There has been a lot of dedicated time for discussion about mental health issues in the media recently. From #timetotalk day at the beginning of February, to Eating Disorders Awareness Week a couple of weeks ago. Appropriately for me, there was also an OCD week of action recently. OCD is something I rarely talk about outside the comfort of my own home/CBT session, but its presence in my life is becoming more noticeable as I see people rising to address mental health issues via social media, and I feel I owe it to myself as well as any other OCD sufferers out there to acknowledge OCD for what it is, which is probably way more than most people think it is. According to the OCD week of action is was “time to act”, but in my case I’ve been acting (knowingly) for more than 12 years, and I realised that it’s probably time to stop acting. Contrary to the usual mantra, it may, finally, be time to stop acting and start talking, so here we go.
I don’t feel any need to ‘come out’ about my OCD – no reason to apologise or confess anything in particular. Those who matter to me never ask me to, and never question why I behave the way I do. It’s not something I’ve purposely hidden, but have instead come to keep sealed under an ever-tightening lid of reflexive excuses. After all, it’s not something that arrives easily into conversation, and while in retrospect I wish I’d had the guts to say ‘it might seem like I’m a bit weird but actually it’s OCD’ to every new friend I’ve made over the years, somehow that doesn’t quite work in reality. I know that to a large extent it’s down to the endless stereotypes of neatness, checking the front door twice, using hand sanitizer, and so on, and partly down to the trivialization of the condition by so many people who self-define as being ‘OCD-ish’ because they like to iron their shirts in a certain way. Anyway, it’s obvious that the general public’s idea of OCD is completely misconstrued, so maybe it’s time to explain.

OCD: obsessive compulsive disorder. According to OCDaction.org.uk:

intensely negative, repetitive and intrusive thoughts, combined with a chronic feeling of doubt or danger (obsessions). In order to quell the thought or quieten the anxiety, they will often repeat an action, again and again (compulsions).

I would also use the word ‘irrational’ here. Often intensely, ridiculously irrational but perfectly sensible and obvious to the obsessive compulsive person. There is nothing obsessive, compulsive or indeed irrational about washing hands before eating. I think that actually comes under ‘good personal hygiene’.

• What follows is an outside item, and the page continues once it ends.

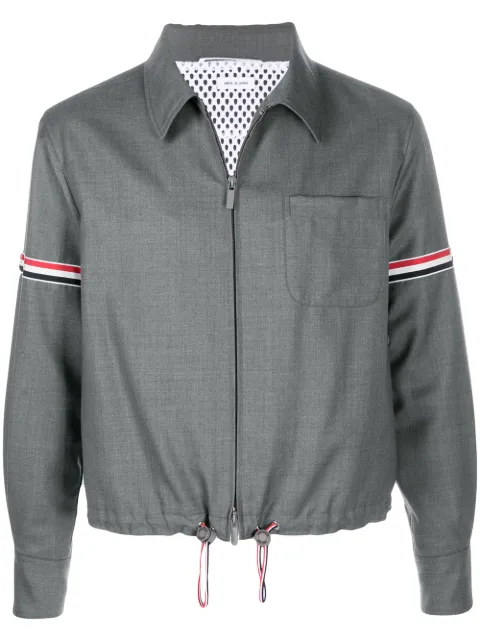 Thom Browne striped zip-up shirt jacket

As this is a condition that is very much grounded in behaviours, OCD symptoms are unlike the symptoms of many other mental health issues because they are (often) visible. You need to look closely, but they are there. It has been my preoccupation over the past 12 years to make them as invisible as possible, and while in some ways this has been a therapy in itself, it’s also caused a whole load of compulsive behaviours to stay locked up as habits and reflexes. I should add here that at the moment I’m more on top of these habits and behaviours than I have been in a long time – some days I’m not even aware of the presence of an OCD in my life, and I know that this makes me one of the lucky ones. But when I think back over time and how the behaviours that I see as ‘mine’ have mutated, largely alongside the periods of life that have been the most difficult, I’m generally pretty amazed by the way this thing has taken hold of me. Strangest of all, some of the things that I could never have faced back in the early days of my OCD diagnosis are perfectly fine for me now, while back then I was able to do things that I wouldn’t dream of doing now. And when I see other people doing those things (which I do, every single hour of every single day), my insides recoil in horror and I experience just a prickle of the fear that stops me from doing them myself. Weird eh? However, this also gives me hope that one day I might not be this weird at all – maybe one day I’ll be able to do it all, and that would be awesome.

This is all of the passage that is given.